The problem with putting on revenge tragedies is that it's bloody hard not to make all that bloodiness look bloody silly. Evidently this is also true of updated productions.
Gregory has fallen violently in love with his virginal sister, Anita. This poses a problem: not only is she his sister but she is also betrothed to the son of a powerful neighbouring family. An incestuous affair and four deaths (or is that five? I lost count) later - and Natalie Audley's 1950s reimagining of John Ford's 'Tis Pity She's a Whore has shown itself only marginally less Tarantino than the original. And even less credible. Can we really believe a young girl growing up in a well-off family in the fifties would have been kept entirely cloistered from the world? And were swords, not guns, the upper-class weapon of choice?

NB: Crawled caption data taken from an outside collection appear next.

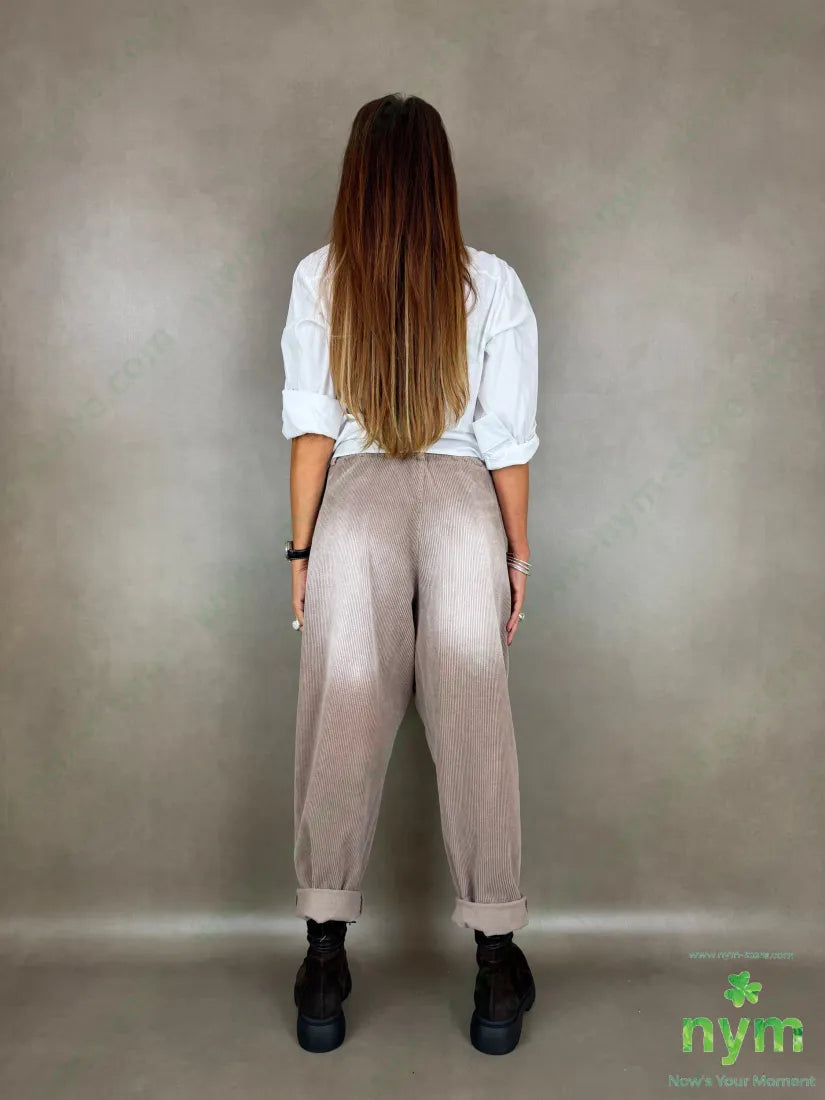 Pantalone velluto a coste sfumato 97co3ea - U / BEIGE / AI26 - PANTALONE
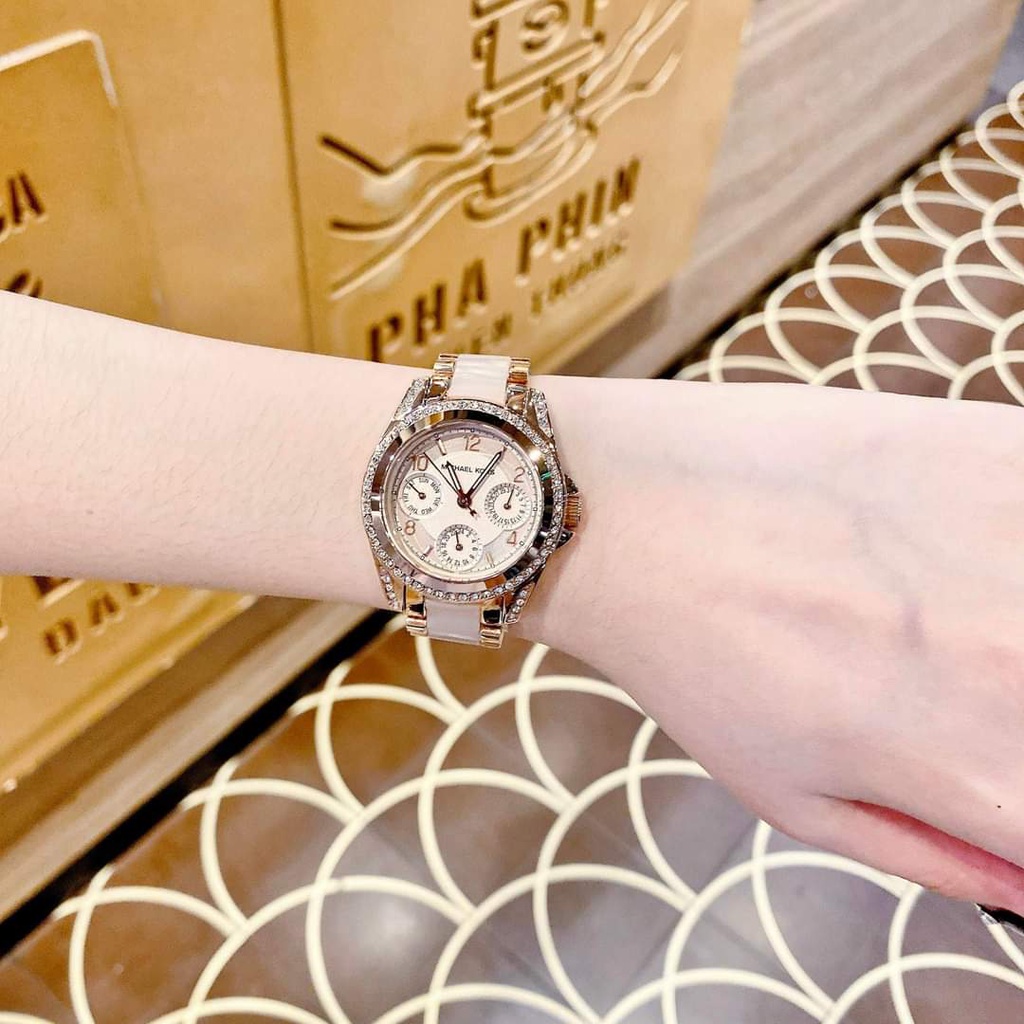 Đồng Hồ Nữ Michael Kors MK6175 Màu Rose Gold cực xinh size 32mm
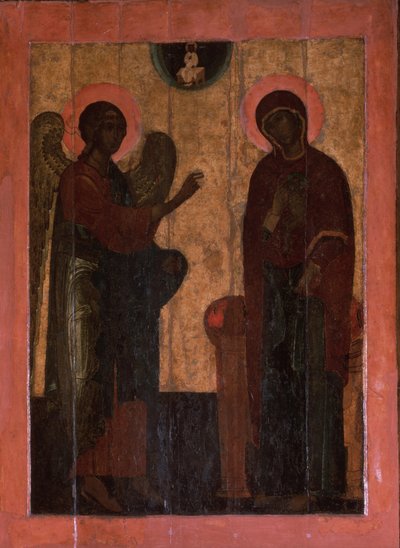 De annunciatie van Ustyug, tweede helft van de 16e eeuw door Anonymous Russian icon painter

By far the oddest aspect of the re-write is Audley's antiquated dialogue. Although she has abandoned Ford's original script, the update sounds in no way modern. You half expect the characters to drop in the occasional "forsooth".

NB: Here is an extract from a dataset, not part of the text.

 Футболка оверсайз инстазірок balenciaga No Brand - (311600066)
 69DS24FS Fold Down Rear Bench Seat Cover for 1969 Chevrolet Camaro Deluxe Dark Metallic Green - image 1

A halfway house modernisation is a potentially interesting experiment but here it is not a successful one. Nothing is gained by Audley's update and the 1950s setting isn't integrated into the play; if anything relocating Ford's plot relocated makes it seem even more absurd. Although the cast perform with commendable earnestness, they can't stop the audience from giggling throughout the final blood bath.